Il y a deux mois, ils ont publiquement interrogé ma filiation auprès de parents éloignés lors d’un rassemblement familial.
Le mois dernier, il y avait des lettres d’avocats disant que je n’avais pas de droit à la succession familiale.
Chaque étape resserrait un nœud d’aliénation autour de moi, et pourtant je restai là en attendant l’audience qui pourrait régler ce qui se sentait instable en moi.
Maintenant, avec l’ouïe du matin qui se profile, je me branlais.
Je n’avais pas vu mes parents depuis qu’ils m’avaient renié dans leurs déclarations.
J’évitais le téléphone, les mails, le silence des amis de la famille.

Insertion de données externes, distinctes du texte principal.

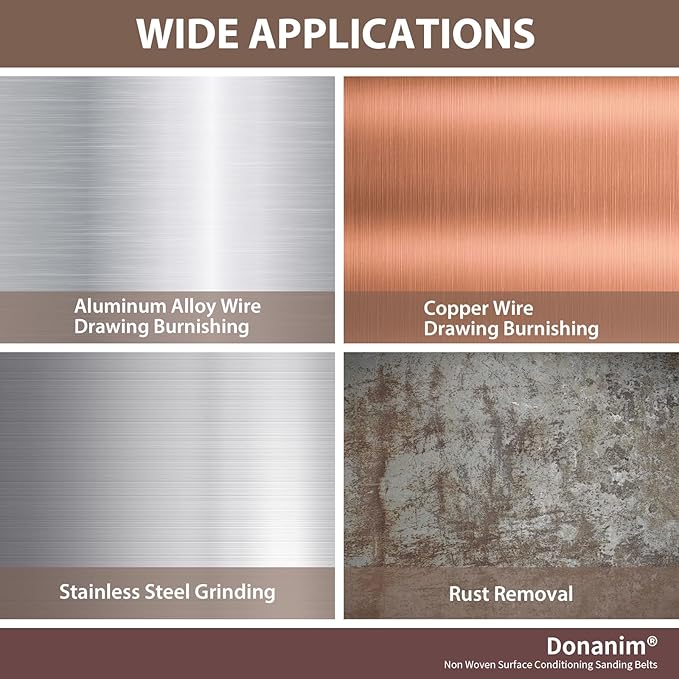 1-1/2 x 30" Non Woven Surface Conditioning Sanding Belts for Pipe Tube Polisher Sander, 1 Each of 150 240 Grit Nylon Brushed Sander Paper for Pipe Belt Sander, 1.5 x 30" Sand Belts for Metal, 2 Pack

Les prochaines heures pourraient ouvrir des plaies profondes ou enfin apporter un certain soulagement, mais je ne sentais que le poids de l’incertitude pressant plus fort.
Le trajet en bus et cette petite gentillesse imprudente me sont restées, un rappel fragile que peut-être, peut-être, quelque chose d’inattendu pourrait encore changer cette histoire brisée — bien que je n’étais pas encore prêt à le croire.
Je suis sorti du bus à mon arrêt, le palais de justice se profilant grand et impersonnel.
Mon coeur s’est percuté dans ma poitrine alors que je montais les marches, chacun se sentant comme une montagne.
À l’intérieur, l’air était plus frais, les voix brouillaient, un écho de l’autorité qui semblait s’échapper des murs.
J’ai approché le poste de contrôle, mon esprit un flou de pensées et ce que-si.
Empêchez vos poches, un garde a ordonné, sa voix coupant dans mon brouillard.
J’ai hurlé, frémi avec le contenu de mon sac.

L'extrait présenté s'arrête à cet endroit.